--- INPUT RECORDS ---

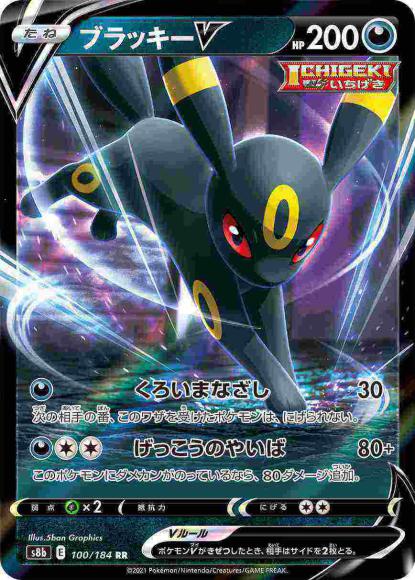 (キズあり特価品)ブラッキーV(RR)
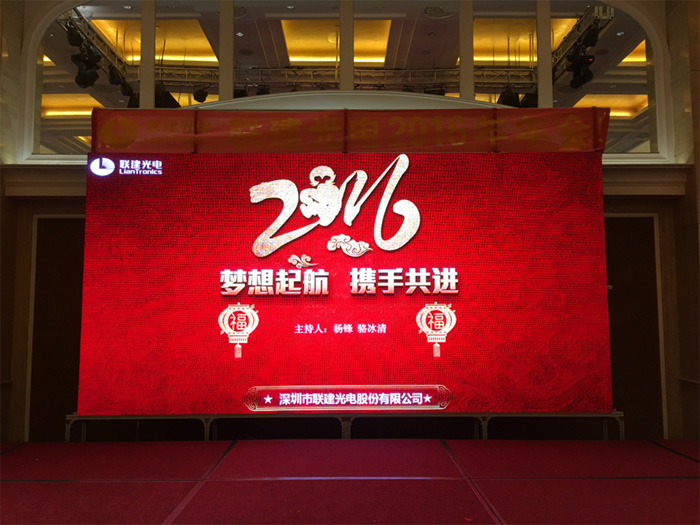 星欧娱乐2016年年会大联欢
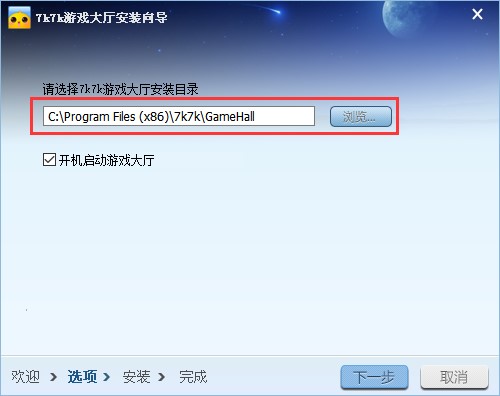 7k7kϷϸܽܺͼİװ̳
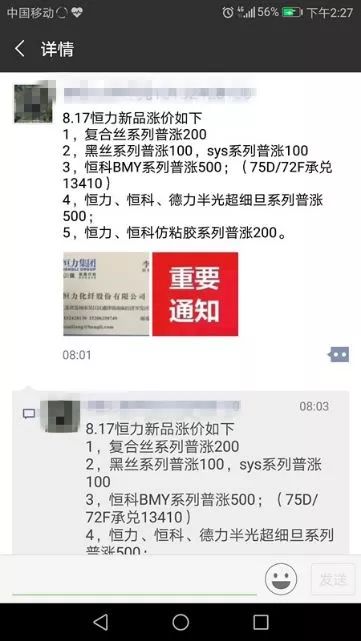 综合久久—本道中文字幕:15-21-29-32-41-46B：44,综合久久，探索数字字幕中的奥秘之旅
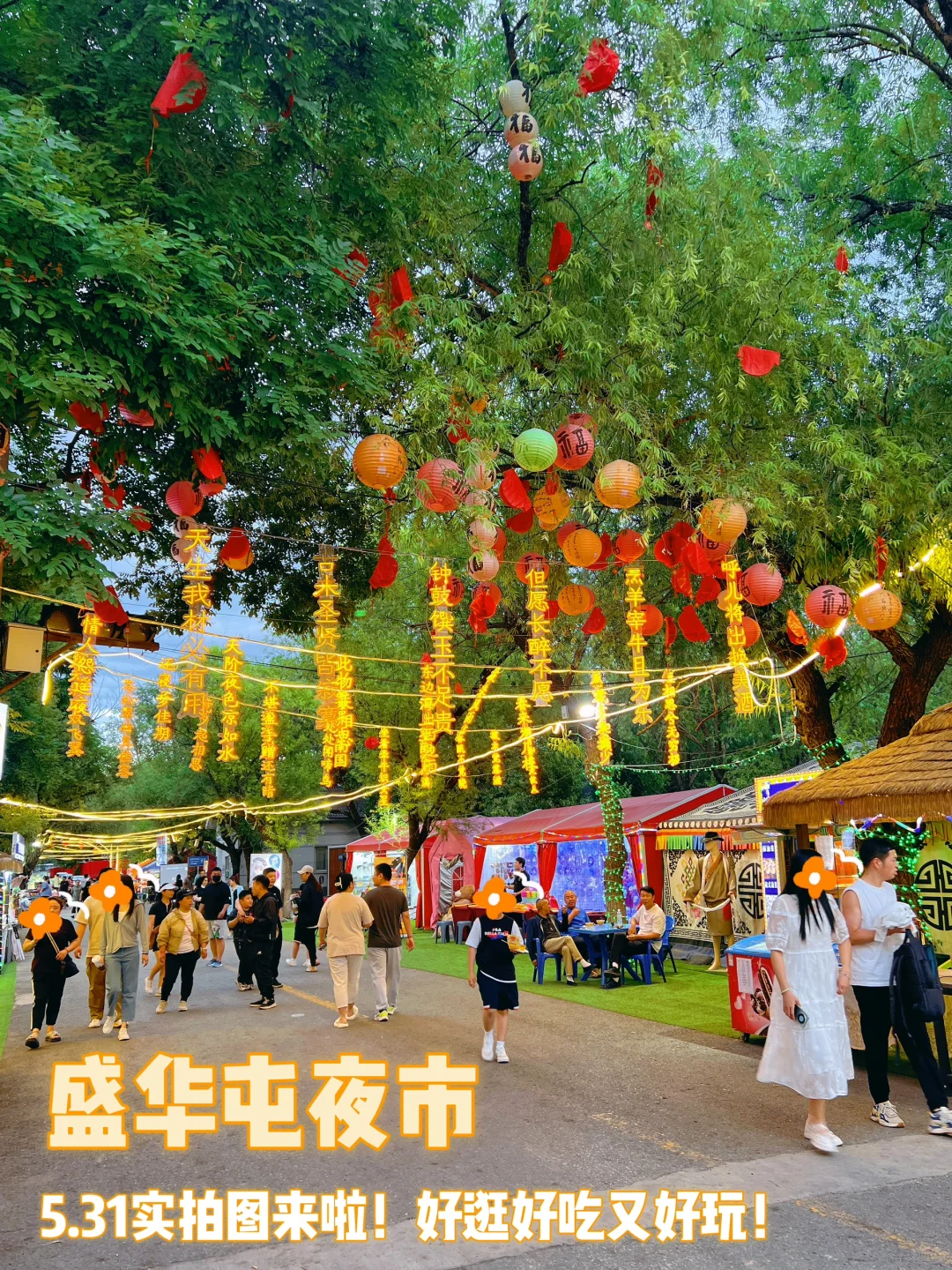 5.31实拍｜北京东四环大型夜市现场❗️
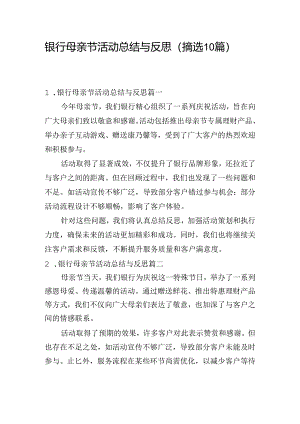 银行母亲节活动总结与反思（摘选10篇）.docx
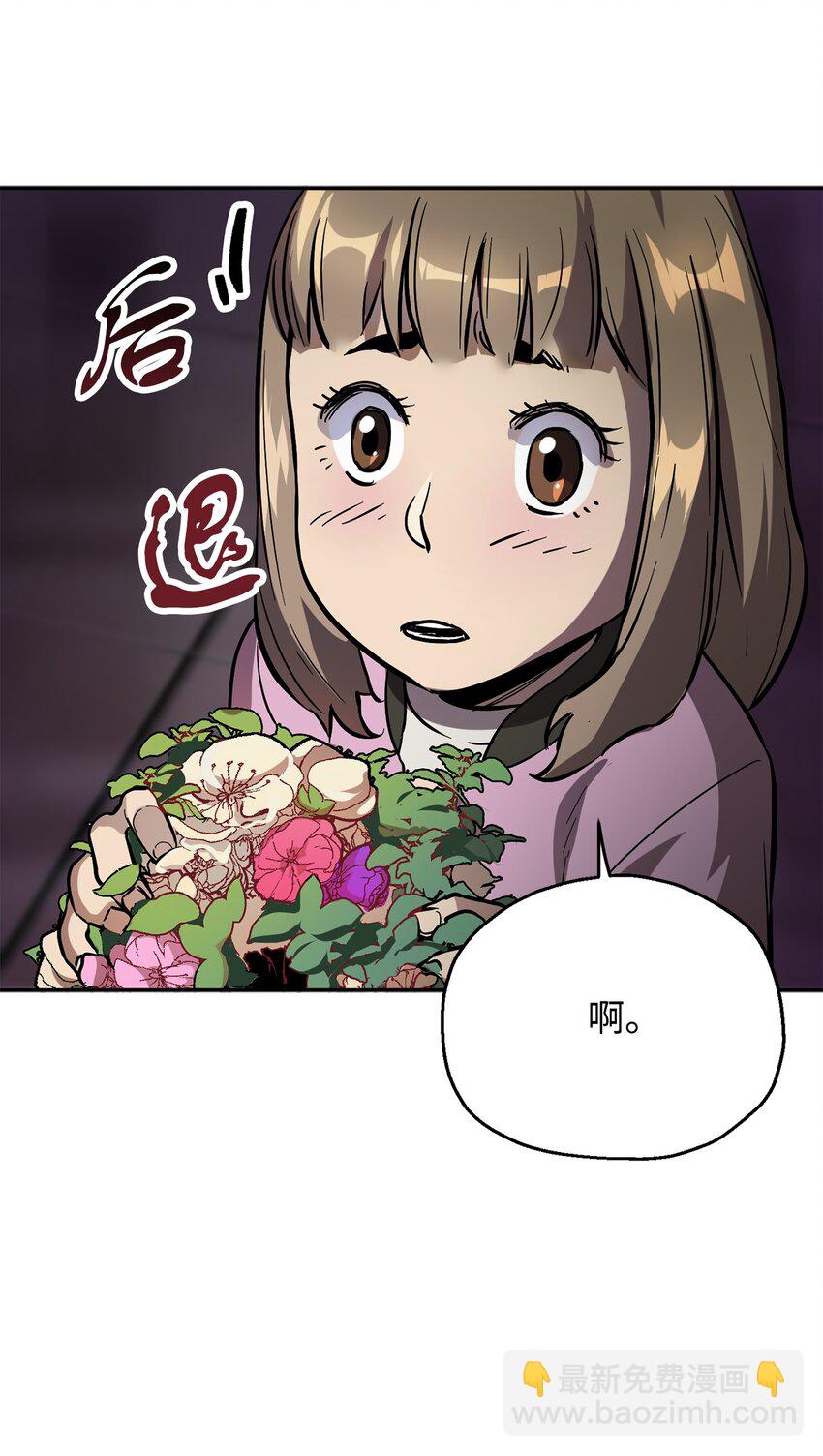 48 复仇之战(1/3)-第48话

---

▶ **REQUIRED WORK**: Reproduce the data word for word, excluding its pictures.

▶ **EXERCISE OUTPUT**:
 (キズあり特価品)ブラッキーV(RR)
 星欧娱乐2016年年会大联欢
 7k7kϷϸܽܺͼİװ̳
 综合久久—本道中文字幕:15-21-29-32-41-46B：44,综合久久，探索数字字幕中的奥秘之旅
 5.31实拍｜北京东四环大型夜市现场❗️
 银行母亲节活动总结与反思（摘选10篇）.docx
 48 复仇之战(1/3)-第48话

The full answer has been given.